I believed, on some level, that I deserved to feel the way I felt. That this was the tax on being the size I was in public. That moments like this were simply part of the deal.

And I believed that if I were thinner, it would never have happened.

Not just the chair. All of it.

The mortification, the shame, the desperate wish to disappear, the inability to look up from the floor.

I believed all of that was the direct consequence of my body, and that the solution was a different body.

That belief sat in me very quietly for a very long time.

What I Know Now.

The chair was already broken.

I know that sounds obvious. I knew it at the time. But there is a difference between knowing something as a fact and actually letting it land.

What I know now is that the story my brain told in that split second on the floor was not a response to what had actually happened. It was a response to years of accumulated shame that had been looking for somewhere to attach itself. The chair was just unlucky enough to be there.

Body shame does not respond to logic. That is the thing I wish someone had told me when I was standing in that hallway. You can show it the split chair leg. You can run your finger along the evidence. It will nod and say oh god, that explains it then, and it will carry on exactly as it was.

Because the story was never really about the chair.

It was about every time I had walked into a room and done a quick calculation about whether I was the largest person there. Every time I had chosen a seat based on whether the chair looked sturdy enough. Every time I had eaten less than I wanted in public because I was aware of being watched. Every time I had made myself smaller, quieter, less noticeable, in the hope that if I didn't draw attention to my body then nobody else would either.

That is what I have been thinking about as I go through body change again now. Not the chair itself, though it took a while to get to the point where I could think about it without wincing. But what it represents. The speed at which shame can write a story. The way that story ignores evidence. The way it can take an ordinary accident at a party and turn it into confirmation of everything you were already afraid was true.

The social shift, the real one, is not about what other people say when your body changes. It is about learning to catch that story before it finishes writing itself. Learning to look up from the floor before someone has to hold out a hand. Learning to see the split chair leg for what it actually is, which has nothing to do with you.

I am still learning that. I want to be honest about that. Thirty years is a long time to carry a story, and it does not dissolve overnight just because you can see the logic clearly now.

But I know the chair was already broken. And I know that matters.

If you have ever blamed your body for something that wasn't your body's fault, you are not alone and you are not dramatic and you are not weak.

You are someone who has been carrying a story for a long time. A story that got there before the evidence did and made itself very comfortable.

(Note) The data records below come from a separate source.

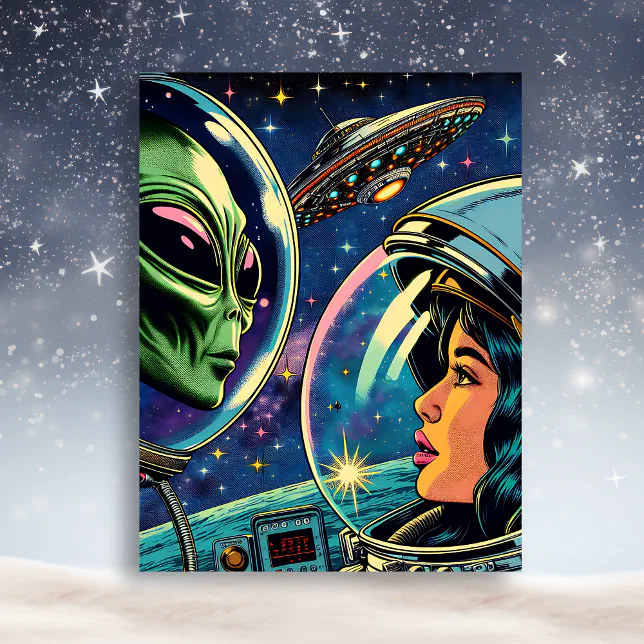 Woman Astronaut Meets Extraterrestrial Alien Postcard | Zazzle
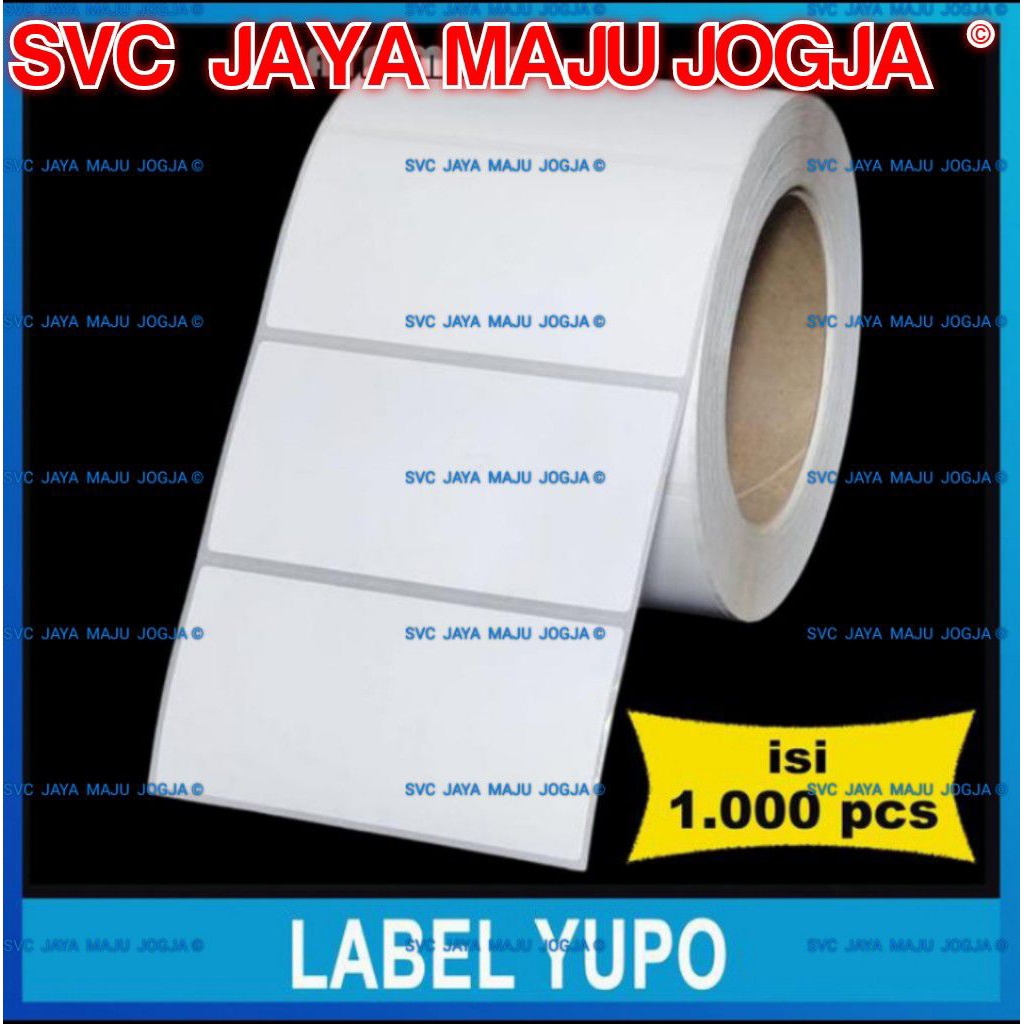 100 X 50 YUPO SYNTHETIC - 1 LINE - FACE OUT - CONTENTS 1,000 ชิ้น || แกนกลาง 3" || LABEL CARDBOARD M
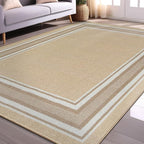 Beverly Rug Non Slip Area Rugs 5x7 Modern Bordered Non Skid Rubber Backing Soft Area Rug for Living Dining Room Easy to Clean Non Shedding Kitchen Bedroom Indoor Carpet 5 x 7 Beige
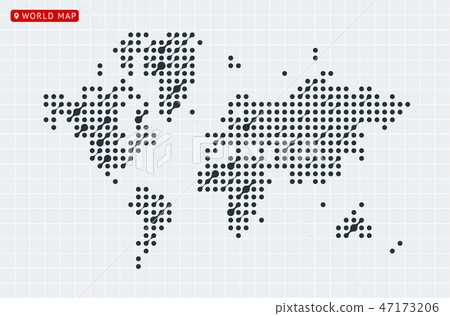 Abstract vector map of the world from dot forms-插圖素材 [47173206] - PIXTA圖庫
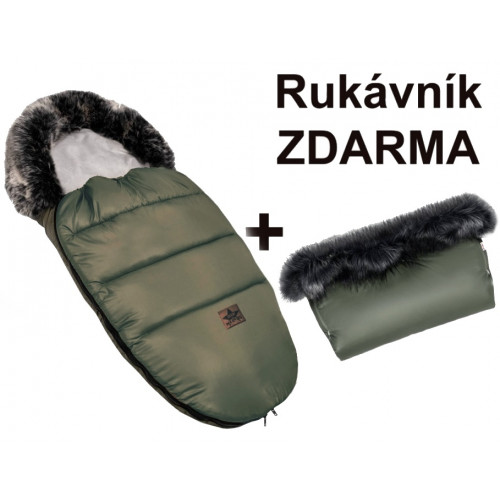 Zimný fusak s kožušinou + rukávnik zadarmo, Baby Nellys, 50 x 100cm, olivový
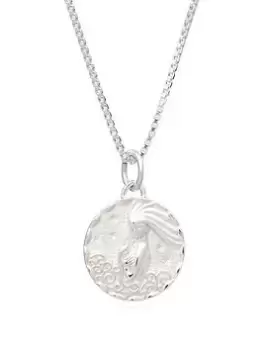 image of Rachel Jackson London Zodiac Art Coin Necklace - Silver, Aries, Women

The work is not to argue with the story using logic, because the story does not care about logic. The work is to notice it. To catch it in the moment on the floor, or in the hallway, or in the car on the way home when you are replaying something for the fourteenth time.

To ask, quietly, whether the chair was already broken before you sat down.

Because often, it was.

And that changes everything.

If this story struck a nerve, perhaps it isn’t really about a chair.

Perhaps it’s about all the times you’ve blamed yourself first and looked at the evidence second. The times you’ve replayed a moment for years while everyone else moved on. The times you’ve shrunk yourself to avoid embarrassment, judgement, or simply being noticed.

I’ve done all of those things.

The Social Shift isn’t about becoming confident overnight or loving every inch of yourself. It’s about recognising that some of the stories we’ve believed for decades are just that: stories.

Some were given to us by other people.

Some grew quietly from years of shame, embarrassment, or trying to protect ourselves.

And some have been with us for so long that we mistake them for the truth.

Maybe it’s time to look at them again.

Because the chair was already broken.

And perhaps a few other things you’ve blamed yourself for weren’t your fault either.